What’s the best time to work out in the evening?

When it comes to maximizing the benefits of exercise, timing is everything. Early morning workouts may be ideal for burning calories, but an evening session seems to be the key for sleepless nights—with some caveats.

Why to work out close to bedtime

A new study conducted by researchers at Concordia University, and published in Sleep Medicine Reviews, suggests that intense bouts of physical activity performed two hours before bedtime can promote sleep duration and prevent wakefulness for sedentary people and night owls.

“Overall, our analysis showed that when exercise ended two hours before bedtime, there were sleep benefits, including the promotion of sleep onset and increased sleep duration,” the authors wrote.

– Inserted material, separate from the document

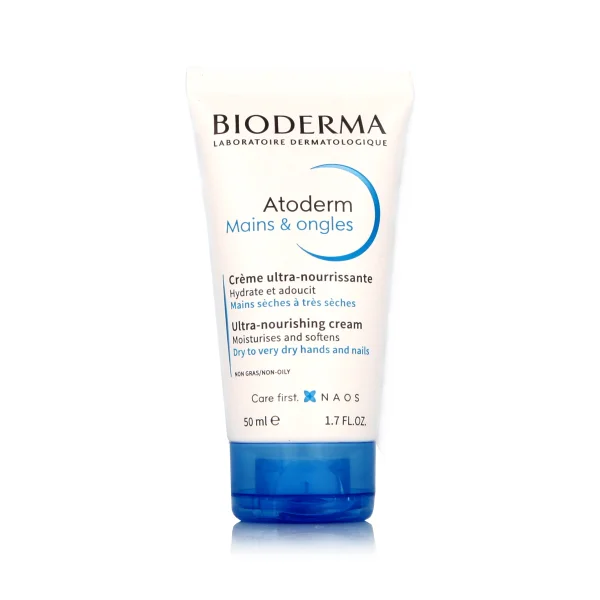 Atoderm thumbnail 2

“On the other hand, when exercise ended less than two hours before bedtime, sleep was negatively impacted. It took longer for participants to fall asleep and sleep duration decreased.”

There isn’t a one-size-fits-all prescription

All of the results indexed above were further influenced by workout intensity and type, as well as the fitness of the subject and the times of day at which they were the most productive. The aforementioned factors also affected different aspects of sleep.

For instance, high-intensity exercise performed in the early evening (between 6 PM and 9 PM) promoted sleep onset and improved sleep duration specifically for all of the participants involved to some degree.

REM Sleep

However, high-intensity exercise was also found to decrease the rapid-eye-movement (REM) stage of sleep, which is the stage associated with dreaming, bodily movement, and faster pulse and breathing, regardless of when they were performed.

“Studies suggests that decreases in REM sleep can impact cognitive tasks negatively if the information is complex and emotionally stimulating but not if the information is easy or neutral,” Emmanuel Frimpong, a postdoctoral fellow at the Sleep, Cognition and Neuroimaging Lab and the study’s lead author, explained in a media release.

Sedentary participants enjoyed the most pronounced sleep benefits from early evening workouts, though cycling was determined to be the most effective type of workout for all parties involved.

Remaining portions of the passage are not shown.